Groundbreaking nature agreement at COP15
“A Christmas gift to the world’s children”

Photo: Javad Parsa / NTB
Espen Barth Eide is Norway’s minister of environment.
Negotiators at COP15 in Montreal, Canada, agree on a groundbreaking nature agreement to protect the world’s land and seas until 2030.
Espen Barth Eide, the Norwegian Minister of Environment said that this agreement is a Christmas gift to the world’s children. Praise over the agreement has come from all over the world, including from the United Nations Secretary General in his end-of-year press conference in New York on Dec. 19, 2022. “Delegates at the COP15 United Nations Biodiversity Conference in Montreal agreed on a new Global Biodiversity Framework. We are finally starting to forge a peace pact with nature. This Framework is an important step for determined diplomacy, and I urge all countries to deliver.”
The negotiations have been going on for four years, and the aim of the United Nations nature summit was to draw the work to a close by finally adopting a framework for global biodiversity – a “price agreement for nature”.
To accomplish this, for two weeks, 196 countries gathered at the conference in Montreal, Canada, which ended on Monday,19 December.
Norway has promised NOK 120 million to “kickstart” the implementation of the new agreement, but there is still a long way to go.
The new nature agreement also aims for at least 30 percent of the earth’s land, coastal and marine areas to be preserved and protected by 2030. Norway has been among the campaigners working to get this into the agreement. Today, only 17 percent of land areas and 10 percent of marine areas are protected.
Human rights and indigenous rights have also been central themes during the conference.
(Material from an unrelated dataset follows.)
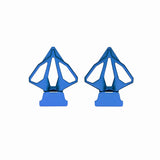 HK Army EVO Pro replacement fin set - colorful fingers for your aluminum quickfeed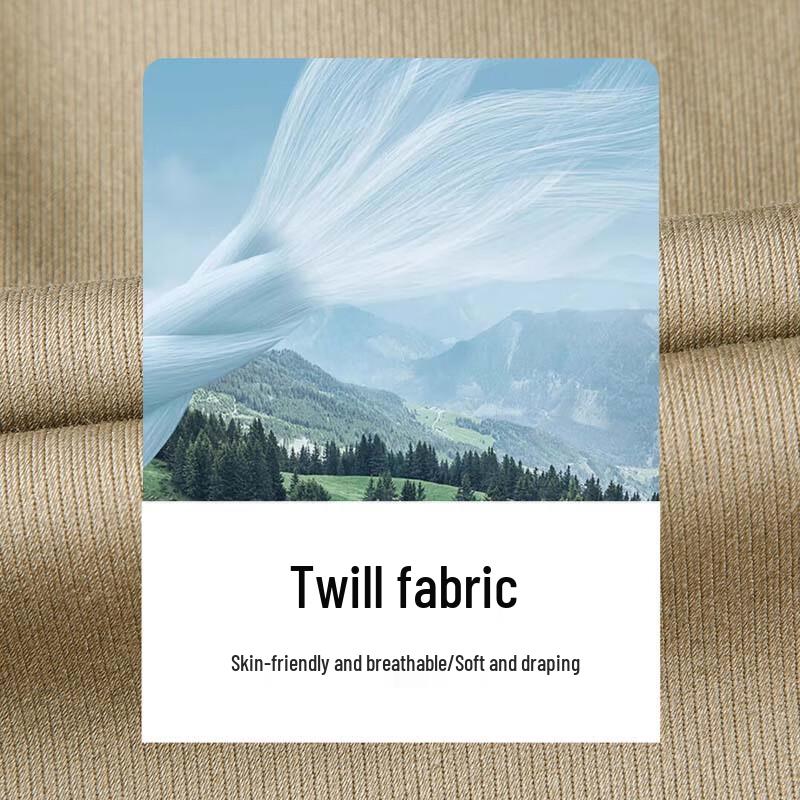 Men's Business Casual Straight-Leg Trousers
The final agreement commits the parties to focus on human rights in the fight against global warming, in addition to the rights of indigenous peoples, gender and youth perspectives.
This agreement is not perfect, but it is a big step. We know that it will be revisited and tightened in the future. We now have numerical global targets for the state of nature in 2030 and 2050. Authorities, businesses and people all over the world will relate to and strive for this, stated Eide.